**Activity**
Write out the lines below once more, exactly as they appear. Do not include pictures.

**Records shown**
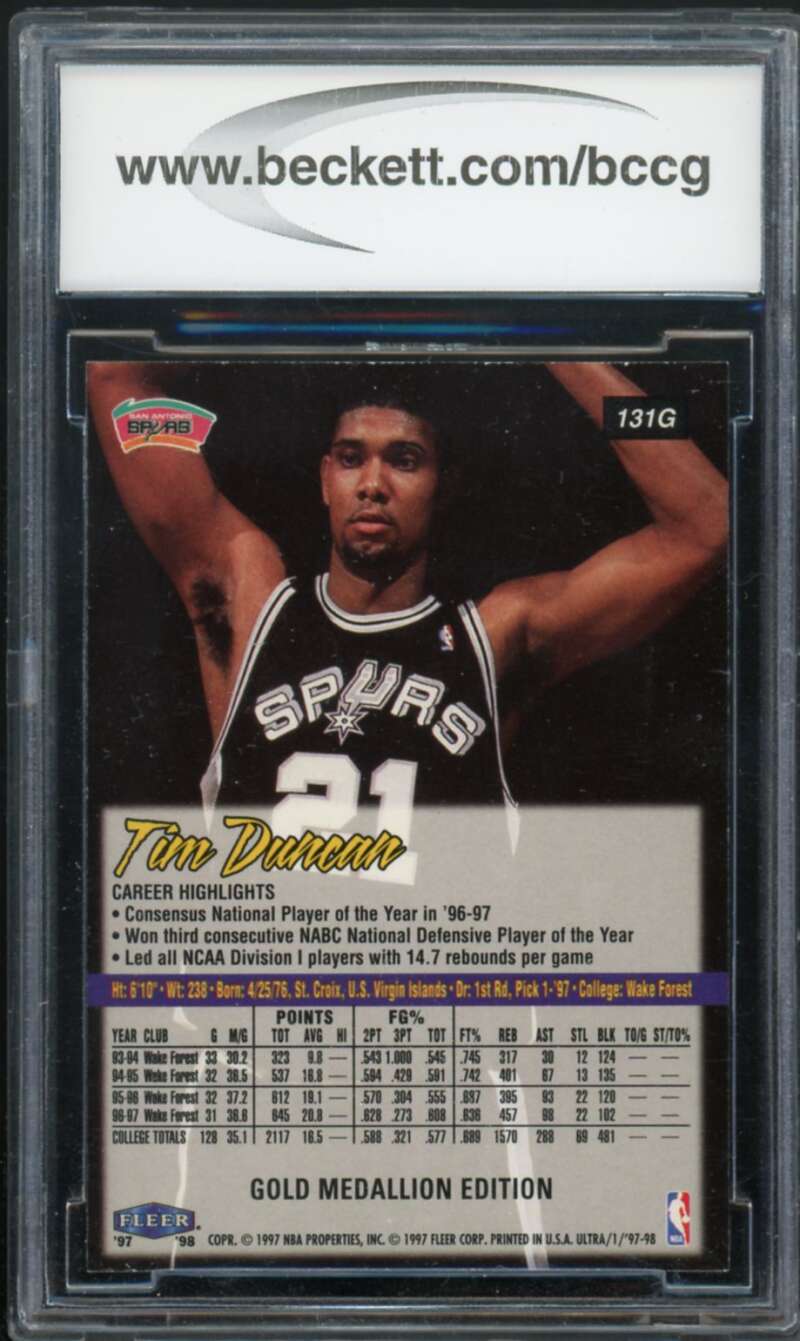 1997-98 Ultra Gold Medallion #131 Tim Duncan Rookie Card BGS BCCG 10 Mint+ Image 2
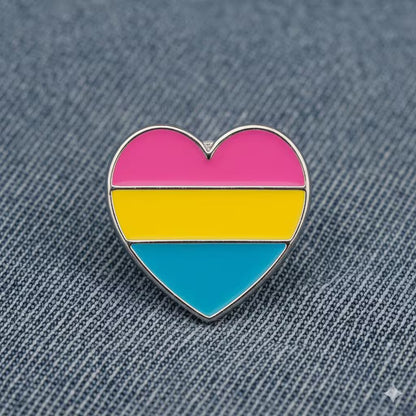 Pansexual Heart Shaped Pins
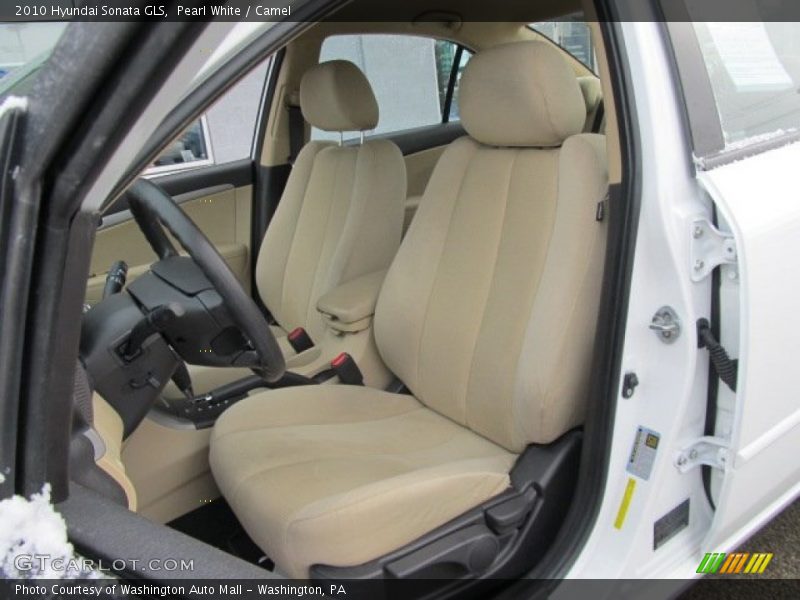 Pearl White / Camel 2010 Hyundai Sonata GLS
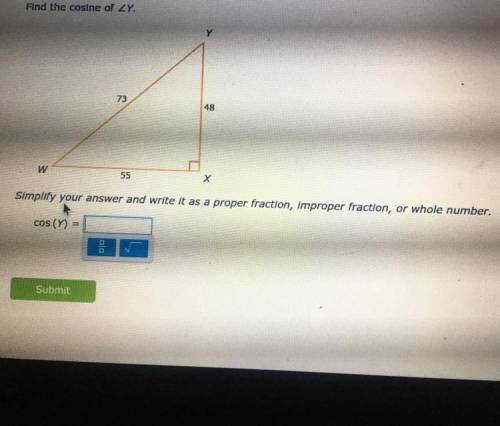 Find the cosine of Y 
PLS HELP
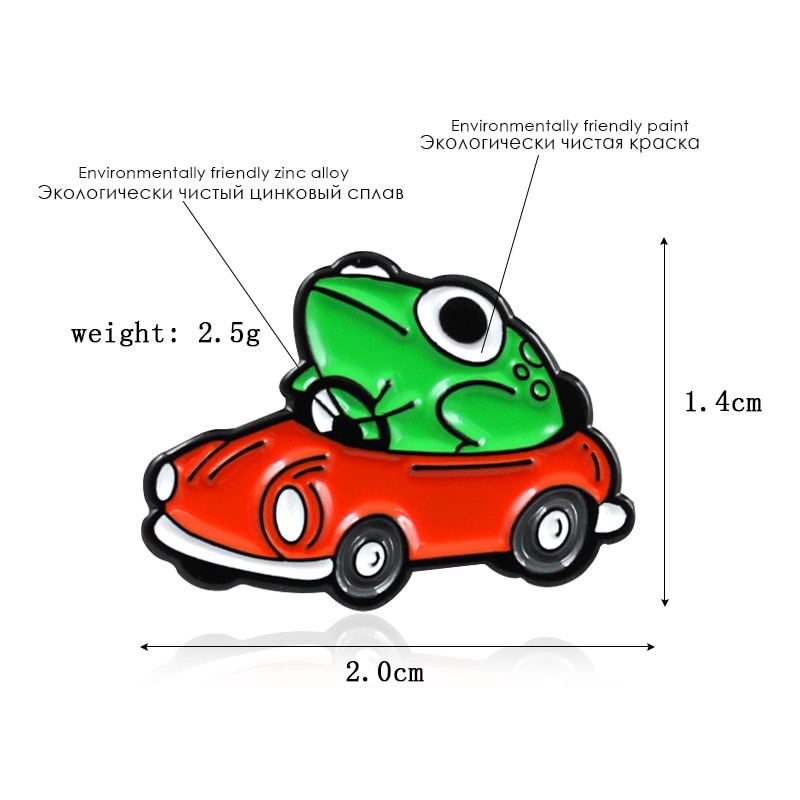 Frog Driver Enamel Pin Small Red Car Brooch Backpack Clothes Lapel Funny Animal Frog Jewelry Gift for Friends Children — image 3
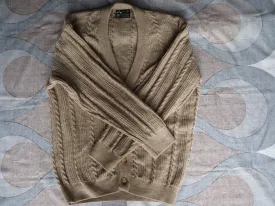 Vintage 1990s pure wool cable-knit cardigan, made in Australia, Large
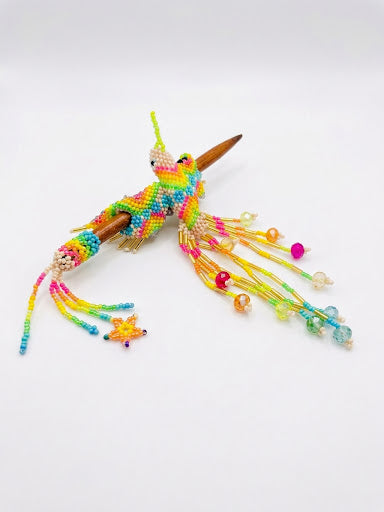 Beige Hummingbird Beaded Hair Stick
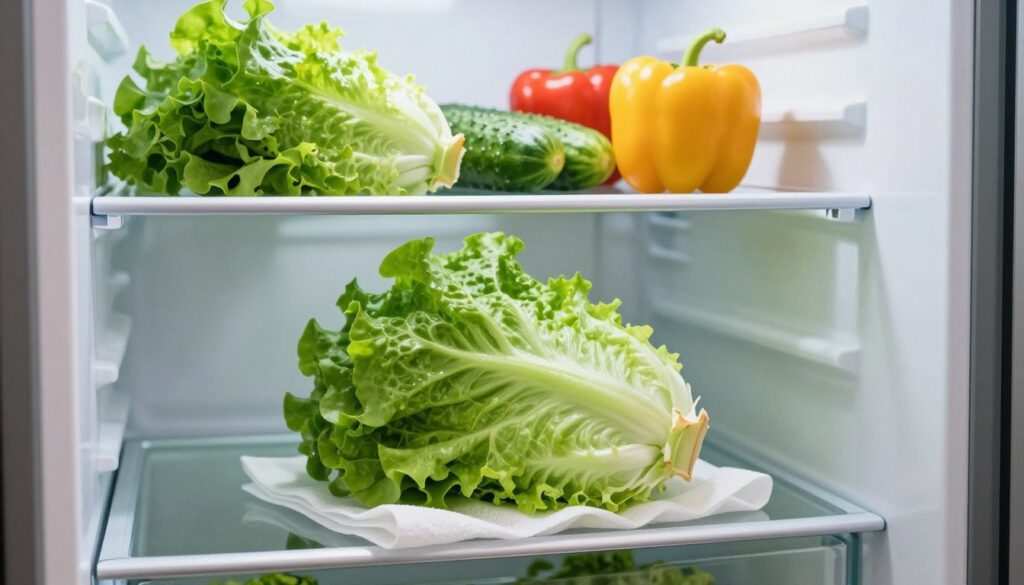 A fresh head of lettuce placed in a modern refrigerator, showcasing the ideal storage conditions for keeping it crisp for a week. In the foreground, the lettuce is elegantly wrapped in a clean, white paper towel, absorbing moisture. The middle ground features an organized fridge shelf with other fresh vegetables like cucumbers and bell peppers, all arranged neatly to highlight freshness. Soft, natural lighting spills in from the open fridge door, emphasizing the vibrant green of the lettuce while casting gentle shadows. The background consists of minimalistic fridge interiors, creating a calm and tidy atmosphere. Capture the essence of freshness and practicality in a visually appealing way. A fresh head of lettuce placed in a modern refrigerator, showcasing the ideal storage conditions for keeping it crisp for a week. In the foreground, the lettuce is elegantly wrapped in a clean, white paper towel, absorbing moisture. The middle ground features an organized fridge shelf with other fresh vegetables like cucumbers and bell peppers, all arranged neatly to highlight freshness. Soft, natural lighting spills in from the open fridge door, emphasizing the vibrant green of the lettuce while casting gentle shadows. The background consists of minimalistic fridge interiors, creating a calm and tidy atmosphere. Capture the essence of freshness and practicality in a visually appealing way.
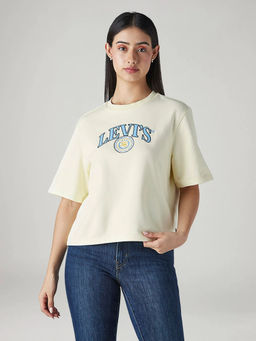 Levi's - Women Cream Embroidered T-Shirt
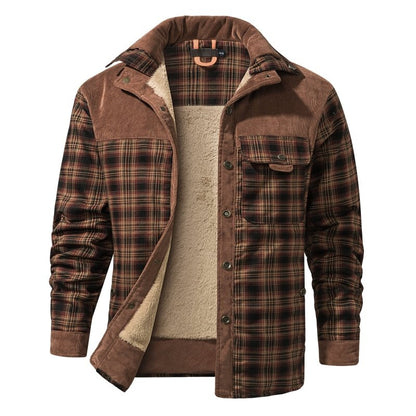 Giacca Uomo con Fodera in Pile e Motivo Quadri Stile Outdoor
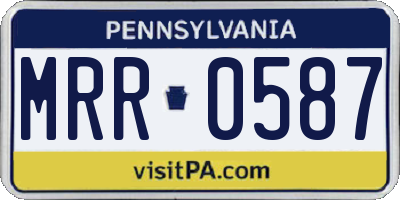 PA license plate MRR0587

**Solution to the problem**
 1997-98 Ultra Gold Medallion #131 Tim Duncan Rookie Card BGS BCCG 10 Mint+ Image 2
 Pansexual Heart Shaped Pins
 Pearl White / Camel 2010 Hyundai Sonata GLS
 Find the cosine of Y 
PLS HELP
 Frog Driver Enamel Pin Small Red Car Brooch Backpack Clothes Lapel Funny Animal Frog Jewelry Gift for Friends Children — image 3
 Vintage 1990s pure wool cable-knit cardigan, made in Australia, Large
 Beige Hummingbird Beaded Hair Stick
 A fresh head of lettuce placed in a modern refrigerator, showcasing the ideal storage conditions for keeping it crisp for a week. In the foreground, the lettuce is elegantly wrapped in a clean, white paper towel, absorbing moisture. The middle ground features an organized fridge shelf with other fresh vegetables like cucumbers and bell peppers, all arranged neatly to highlight freshness. Soft, natural lighting spills in from the open fridge door, emphasizing the vibrant green of the lettuce while casting gentle shadows. The background consists of minimalistic fridge interiors, creating a calm and tidy atmosphere. Capture the essence of freshness and practicality in a visually appealing way. A fresh head of lettuce placed in a modern refrigerator, showcasing the ideal storage conditions for keeping it crisp for a week. In the foreground, the lettuce is elegantly wrapped in a clean, white paper towel, absorbing moisture. The middle ground features an organized fridge shelf with other fresh vegetables like cucumbers and bell peppers, all arranged neatly to highlight freshness. Soft, natural lighting spills in from the open fridge door, emphasizing the vibrant green of the lettuce while casting gentle shadows. The background consists of minimalistic fridge interiors, creating a calm and tidy atmosphere. Capture the essence of freshness and practicality in a visually appealing way.
 Levi's - Women Cream Embroidered T-Shirt
 Giacca Uomo con Fodera in Pile e Motivo Quadri Stile Outdoor
 PA license plate MRR0587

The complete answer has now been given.